In DA, training data serve to determine the multivariate mean and variance–covariance structure of predictor variables for each of the response variable's states, here presence and absence. The distribution of predictor variables is assumed to be normal, but their covariance need not be the same for all states in non-linear DA (Rogers, Hay & Packer 1996). The posterior probability of any data point belonging to one response state or another is then calculated based on its position in n-dimensional space relative to each state's multivariate mean, where distance between sample point and mean is measured as Mahalanobis distance (Green 1978; Rogers, Hay & Packer 1996). For presence–absence data DA thus predicts the probability of occurrence. Non-linear DA was implemented using custom-written programmes in QuickBasic (Microsoft®). Ten predictor variables were selected in forward stepwise fashion based on their ability to maximize training accuracy as measured by kappa (see below). Ten variables was just less than the number picked, on average, in LR models using the AIC (mean = 11; n= 770).

measures of model accuracy

We focused on two measures of accuracy: Cohen's kappa and AUC of ROC plots. To facilitate comparison with other studies we also reported on sensitivity and specificity.

Sensitivity quantifies the proportion of observed presences correctly predicted as presence (the true positive fraction). Poor sensitivity therefore indicates many omission errors, i.e. erroneous predictions of absence. Conversely, specificity measures the proportion of observed absences correctly predicted as absence (the true negative fraction). Low specificity signals high commission error, i.e. erroneous predictions of presence (Fielding & Bell 1997). Both measures are mathematically independent of prevalence, because they are expressed as a proportion of all the sites with a given observed state (i.e. presence or absence; Pearce & Ferrier 2000a). None the less, these measures can be misleading. Each simply reflects how well the model predicts one category (presence or absence) without indicating how many mistakes are made in the other. Chance alone could lead to high sensitivity for particularly prevalent species or high specificity for very rare species (Olden, Jackson & Peres-Neto 2002).

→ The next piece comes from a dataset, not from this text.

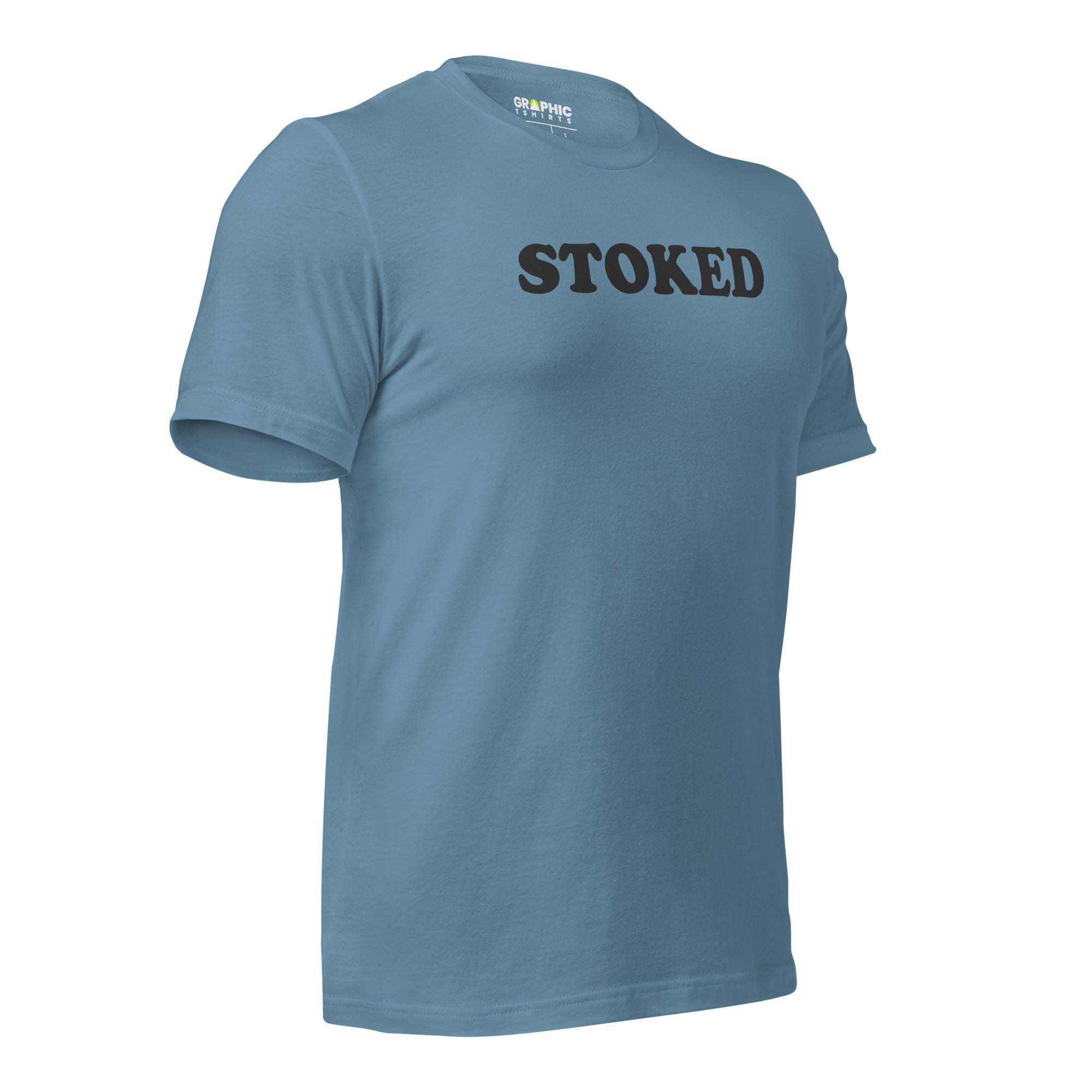 Unisex Staple T-Shirt - Stoked - GRAPHIC T-SHIRTS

In contrast, kappa and AUC are ‘omnibus measures’, designed to reflect model performance in absence and presence simultaneously (Cicchetti & Feinstein 1990). Kappa records overall agreement between predictions and observations, corrected for agreement expected to occur by chance. The statistic ranges from −1 to +1, where +1 indicates perfect agreement while values of zero or less suggest a performance no better than random (Cohen 1960). Although kappa has been reported to show some sensitivity towards prevalence, this effect has been judged negligible among ecologists (Fielding & Bell 1997; Manel, Williams & Ormerod 2001).

Kappa, sensitivity and specificity all derive from a confusion matrix (Fig. 1). Their calculation therefore requires that probabilistic predictions of occurrence be divided into concrete predictions of absence or presence, based on a single, potentially arbitrary classification threshold, here 0·5.

Figure 1.

A confusion matrix, which tabulates model results as shown.

The area under ROC curves instead is a threshold-independent measure of model accuracy, juxtaposing correct and incorrect predictions over a range of thresholds. It ranges from 0 to 1, with values larger than 0·5 indicating a performance better than random (Fielding & Bell 1997). AUC was here calculated non-parametrically using the Wilcoxon statistic (Hanley & McNeil 1982; Pearce & Ferrier 2000a). ROC plots are thought to be independent of prevalence, because the true positive and false positive fractions determining their curve are each expressed as a proportion of all sites with a given observed state (Zweig & Campbell 1993).

analysis 1: ignoring potential artefacts

Distribution modelling often involves a fixed geographical study area or number of field locations from which data to train models are drawn. Consequently, total sample size is constant across species. The relative frequency of positive samples in training and test data (sampling prevalence) is determined by each species’ natural prevalence, i.e. the proportion of study sites occupied by the species (Manel et al. 1999; Manel, Williams & Ormerod 2001; Pearce et al. 2001).

Our first analysis took the same approach to building distribution models for 32 bird species endemic to South Africa, Lesotho and Swaziland. All QDS on the African mainland south of 19°S were considered study sites. For each species, data were split into test and training data sets in a geographically systematic fashion: moving west to east and north to south, every third absence and every third presence site was set aside as independent test data (1425 sites in total). All remaining sites (2850) served as model training. Both data sets covered the species’ entire geographical spread, and in both the ratio of positive (presence) to negative (absence) samples reflected natural prevalence. Models built with LR and DA used training data and satellite-derived environmental indices to predict species’ occurrences across the entire study region. These models were evaluated with test data.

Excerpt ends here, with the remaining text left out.